Dataset extract:
---+---
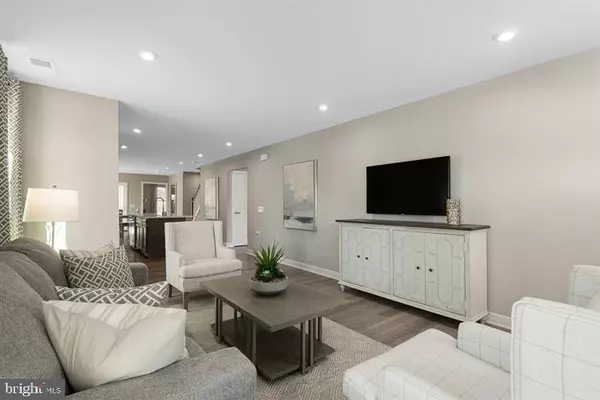 California, MD 20619,23188 YARDAM WAY #D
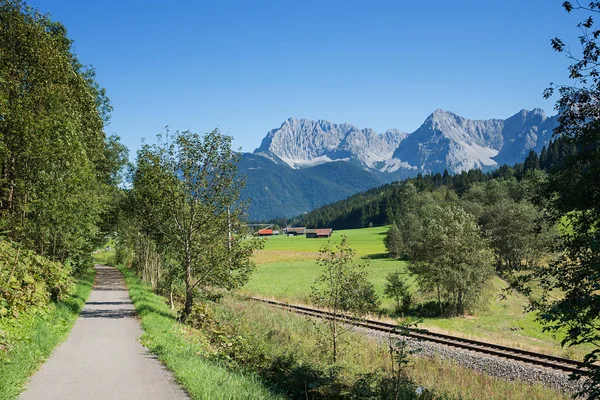 Bikeway längs järnvägen körfältet från garmisch till mittenwald — Stockfoto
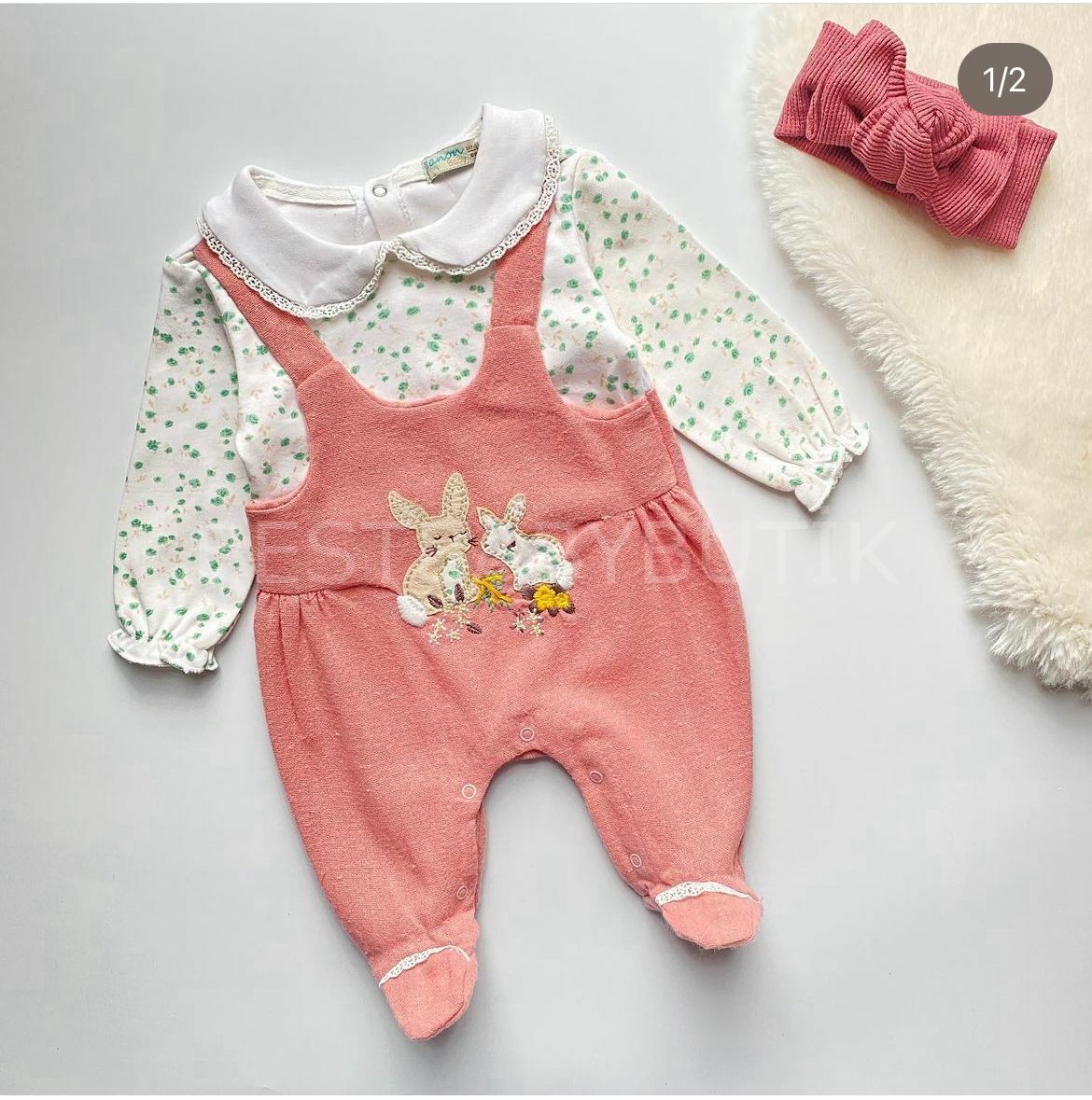TAVŞAN İŞLEMELİ BEBE YAKA ASKILI TULUM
---+---
The whole listing must come back verbatim, with no pictures included.

Response to the task:
 California, MD 20619,23188 YARDAM WAY #D
 Bikeway längs järnvägen körfältet från garmisch till mittenwald — Stockfoto
TAVŞAN İŞLEMELİ BEBE YAKA ASKILI TULUM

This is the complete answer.